1 Required packages
Three R packages are required for this chapter:
- cluster and e1071 for computing fuzzy clustering
- factoextra for visualizing clusters
install.packages("cluster")
install.packages("e1071")
install.packages("factoextra")
2 Concept of fuzzy clustering
In K-means or PAM clustering, the data is divided into distinct clusters, where each element is affected exactly to one cluster. This type of clustering is also known as hard clustering or non-fuzzy clustering. Unlike K-means, Fuzzy clustering is considered as a soft clustering, in which each element has a probability of belonging to each cluster. In other words, each element has a set of membership coefficients corresponding to the degree of being in a given cluster.
Points close to the center of a cluster, may be in the cluster to a higher degree than points in the edge of a cluster. The degree, to which an element belongs to a given cluster, is a numerical value in [0, 1].
Fuzzy c-means (FCM) algorithm is one of the most widely used fuzzy clustering algorithms. It was developed by Dunn in 1973 and improved by Bezdek in 1981. Its frequently used in pattern recognition.
3 Algorithm of fuzzy clustering
FCM algorithm is very similar to the k-means algorithm and the aim is to minimize the objective function defined as follow:
\[ \sum\limits_{j=1}^k \sum\limits_{x_i \in C_j} u_{ij}^m (x_i - \mu_j)^2 \]
Where,
- \(u_{ij}\) is the degree to which an observation \(x_i\) belongs to a cluster \(c_j\)
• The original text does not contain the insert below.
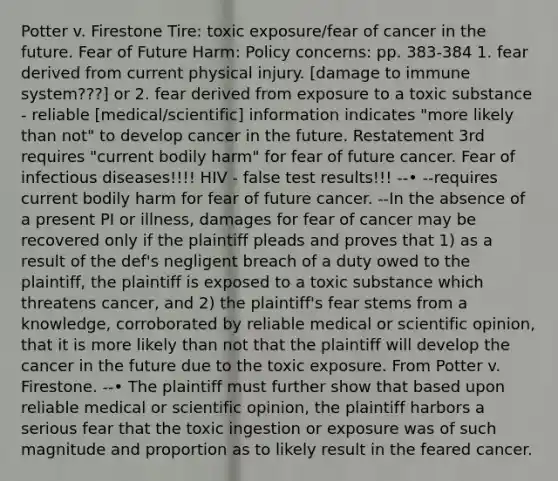 Potter v. Firestone Tire: toxic exposure/fear of cancer in the future. Fear of Future Harm: Policy concerns: pp. 383-384 1. fear derived from current physical injury. [damage to immune system???] or 2. fear derived from exposure to a toxic substance - reliable [medical/scientific] information indicates "more likely than not" to develop cancer in the future. Restatement 3rd requires "current bodily harm" for fear of future cancer. Fear of infectious diseases!!!! HIV - false test results!!! --• --requires current bodily harm for fear of future cancer. --In the absence of a present PI or illness, damages for fear of cancer may be recovered only if the plaintiff pleads and proves that 1) as a result of the def's negligent breach of a duty owed to the plaintiff, the plaintiff is exposed to a toxic substance which threatens cancer, and 2) the plaintiff's fear stems from a knowledge, corroborated by reliable medical or scientific opinion, that it is more likely than not that the plaintiff will develop the cancer in the future due to the toxic exposure. From Potter v. Firestone. --• The plaintiff must further show that based upon reliable medical or scientific opinion, the plaintiff harbors a serious fear that the toxic ingestion or exposure was of such magnitude and proportion as to likely result in the feared cancer.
- \(\mu_j\) is the center of the cluster j
- \(u_{ij}\) is the degree to which an observation \(x_i\) belongs to a cluster \(c_j\)
- \(m\) is the fuzzifier.
It can be seen that, FCM differs from k-means by using the membership values \(u_{ij}\) and the fuzzifier \(m\).
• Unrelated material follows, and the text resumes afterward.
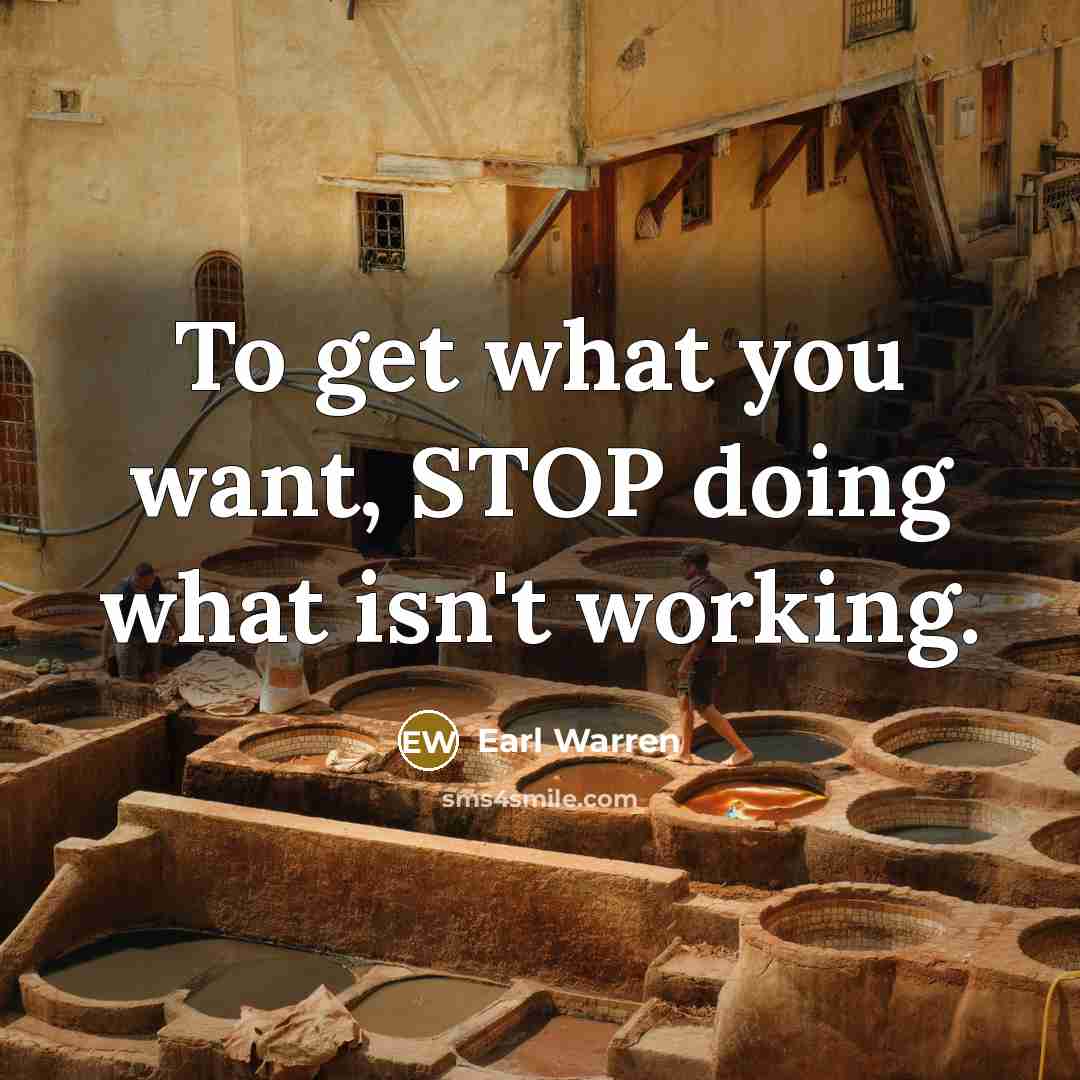 “To get what you want, STOP doing what isn't working.…” quote by Earl Warren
The variable \(u_{ij}^m\) is defined as follow:
\[ u_{ij}^m = \frac{1}{\sum\limits_{l=1}^k \left( \frac{| x_i - c_j |}{| x_i - c_k |}\right)^{\frac{2}{m-1}}} \]
The degree of belonging, \(u_{ij}\), is linked inversely to the distance from x to the cluster center.
The parameter \(m\) is a real number greater than 1 (\(1.0 < m < \infty\)) and it defines the level of cluster fuzziness. Note that, a value of \(m\) close to 1 gives a cluster solution which becomes increasingly similar to the solution of hard clustering such as k-means; whereas a value of \(m\) close to infinite leads to complete fuzzyness.
Note that, a good choice is to use m = 2.0 (Hathaway and Bezdek 2001).
In fuzzy clustering the centroid of a cluster is he mean of all points, weighted by their degree of belonging to the cluster:
\[ C_j = \frac{\sum\limits_{x \in C_j} u_{ij}^m x}{\sum\limits_{x \in C_j} u_{ij}^m} \]
Where,
- \(C_j\) is the centroid of the cluster j
- \(u_{ij}\) is the degree to which an observation \(x_i\) belongs to a cluster \(c_j\)
The algorithm of fuzzy clustering can be summarize as follow:
- Specify a number of clusters k (by the analyst)
- Assign randomly to each point coefficients for being in the clusters.
- Repeat until the maximum number of iterations (given by maxit) is reached, or when the algorithm has converged (that is, the coefficients change between two iterations is no more than \(\epsilon\), the given sensitivity threshold):
- Compute the centroid for each cluster, using the formula above.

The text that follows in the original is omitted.